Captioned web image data
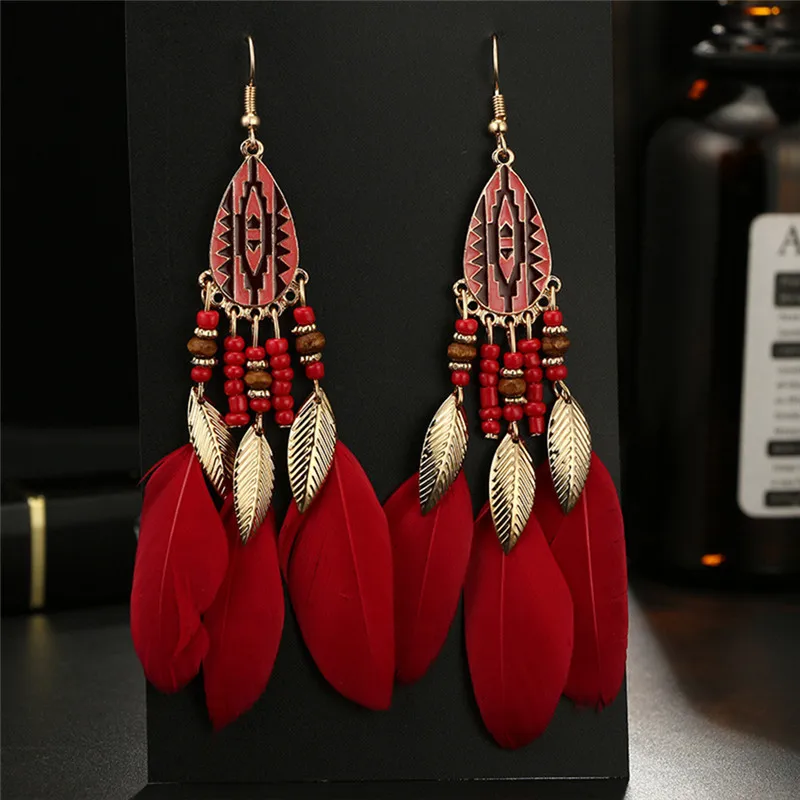 Серьги с перьями 1 пара длинные висячие серьги кисточками Brincos Bijoux ювелирные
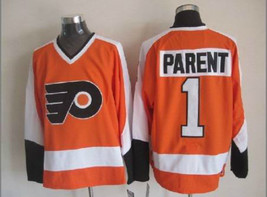 Flyers #1 Bernie Parent Jersey Old Style Uniform Orange - £39.26 GBP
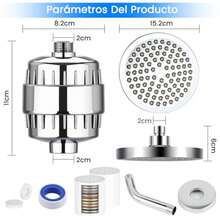 MOSU 20 Etapas Cabezal de Ducha con Filtración con Soporte, 6 Pulgadas cabezal de ducha de alta salida, Filtro especial para agua dura, Elimina el Cloro, Elimina Impurezas - plateado - Ver 3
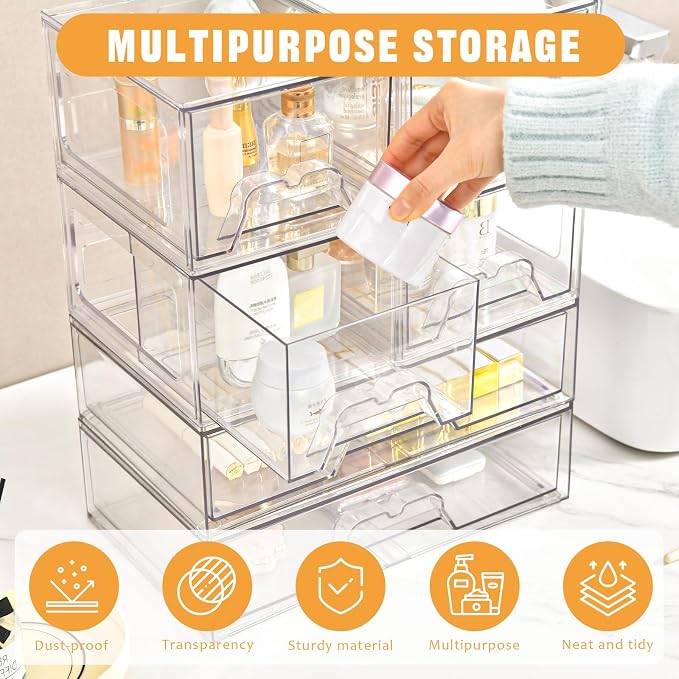 4 Pack Stackable Storage Drawers, Clear Acrylic Organizer, Makeup Organizer - Image 3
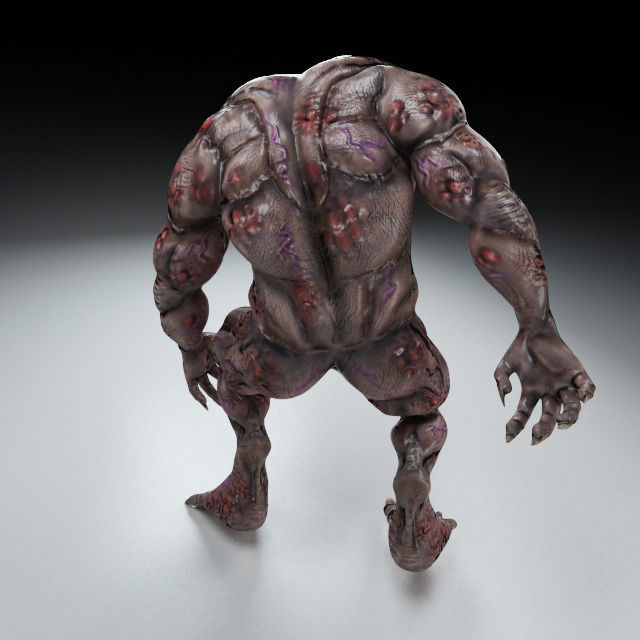 Cavern Troll monster Low-poly 3D model_3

• EXERCISE BRIEF: Omit the pictures and write out the remaining data exactly.

• WRITTEN ANSWER:
 Серьги с перьями 1 пара длинные висячие серьги кисточками Brincos Bijoux ювелирные
 Flyers #1 Bernie Parent Jersey Old Style Uniform Orange - £39.26 GBP
 MOSU 20 Etapas Cabezal de Ducha con Filtración con Soporte, 6 Pulgadas cabezal de ducha de alta salida, Filtro especial para agua dura, Elimina el Cloro, Elimina Impurezas - plateado - Ver 3
 4 Pack Stackable Storage Drawers, Clear Acrylic Organizer, Makeup Organizer - Image 3
 Cavern Troll monster Low-poly 3D model_3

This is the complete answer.